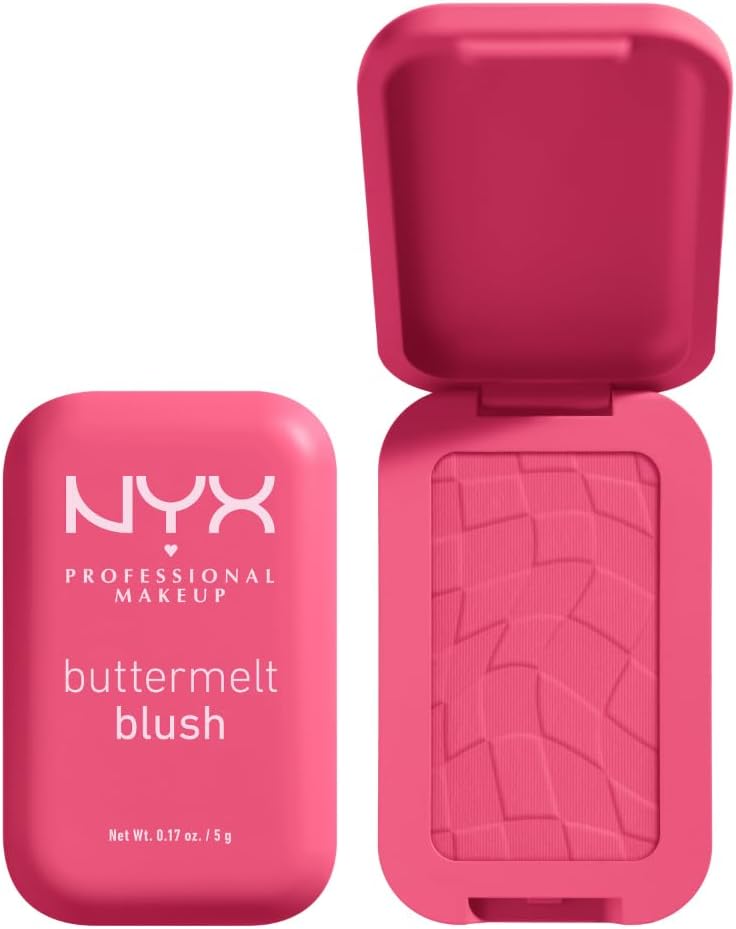 : Blush NYX Professional Makeup Buttermelt – Formule vegan enrichie en beurre de mangue, karité et amande – Longue tenue 12h – Fini naturel mat ou glowy – Texture crème qui fond sur la peau – disponible en plusieurs teintes sur Amazon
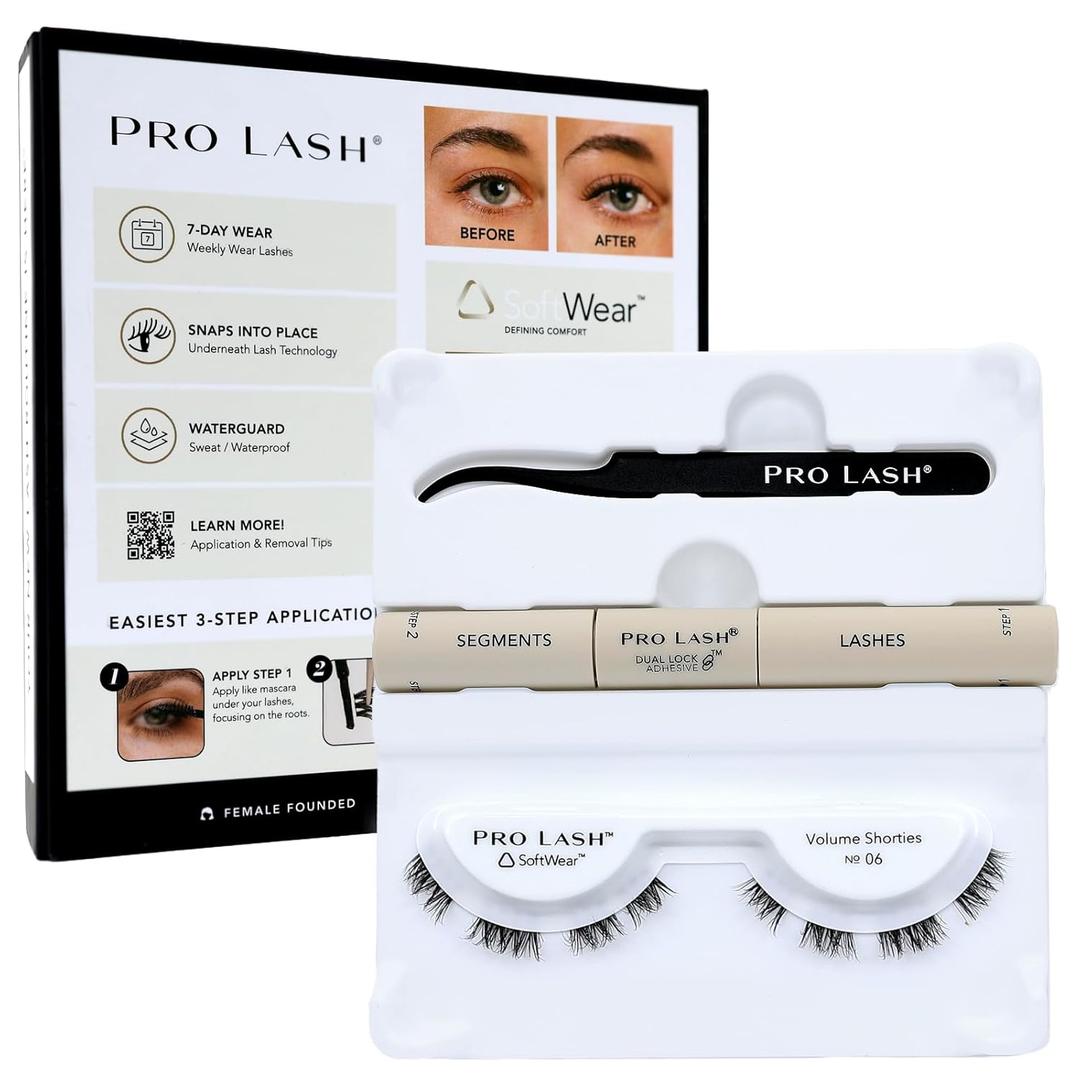 Pro Lash SoftWear Mini Lash Clusters Kit - Seamless, Lightweight Lashes - 7-Day Cluster Eyelash Extensions - False Eyelashes Plus Adhesive and Tweezers - Volume Shorties No. 06 Black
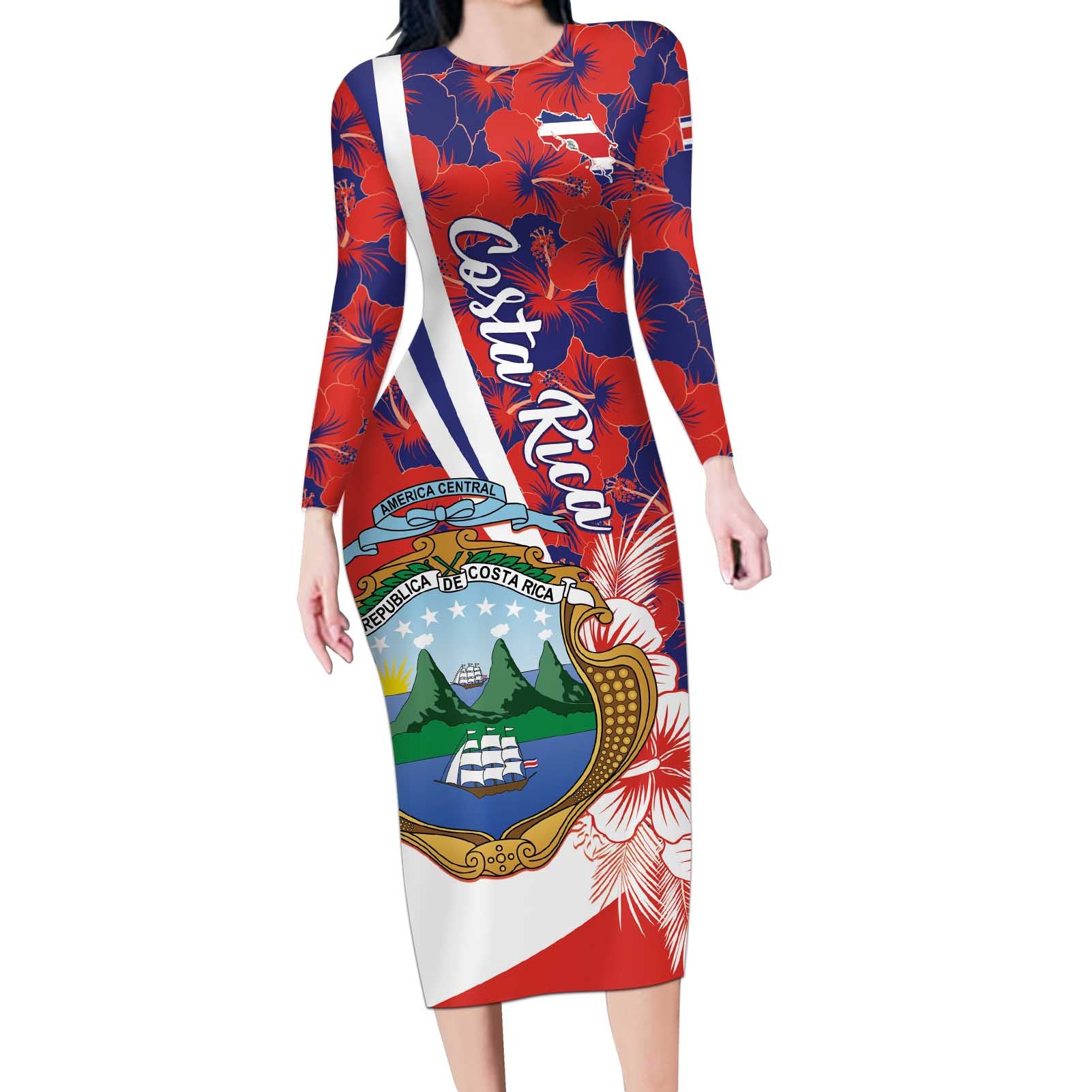 Costa Rica Long Sleeve Bodycon Dress Coat of Arms Hibiscus Pattern - Wonder Print Shop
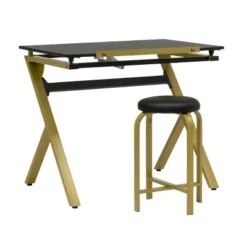 2pc Stellar Drawing Table With 36" Adjustable Top With Stool Set Black/Gold - Studio Designs -Furniture Specialty Store GUEST 4ded90c1 5f57 4ae5 aa4a e8047a0b115e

◆ **Task brief**:
All of the material above is to be retyped verbatim, with its pictures omitted.

◆ **Answer area**:
 : Blush NYX Professional Makeup Buttermelt – Formule vegan enrichie en beurre de mangue, karité et amande – Longue tenue 12h – Fini naturel mat ou glowy – Texture crème qui fond sur la peau – disponible en plusieurs teintes sur Amazon
 Pro Lash SoftWear Mini Lash Clusters Kit - Seamless, Lightweight Lashes - 7-Day Cluster Eyelash Extensions - False Eyelashes Plus Adhesive and Tweezers - Volume Shorties No. 06 Black
 Costa Rica Long Sleeve Bodycon Dress Coat of Arms Hibiscus Pattern - Wonder Print Shop
 2pc Stellar Drawing Table With 36" Adjustable Top With Stool Set Black/Gold - Studio Designs -Furniture Specialty Store GUEST 4ded90c1 5f57 4ae5 aa4a e8047a0b115e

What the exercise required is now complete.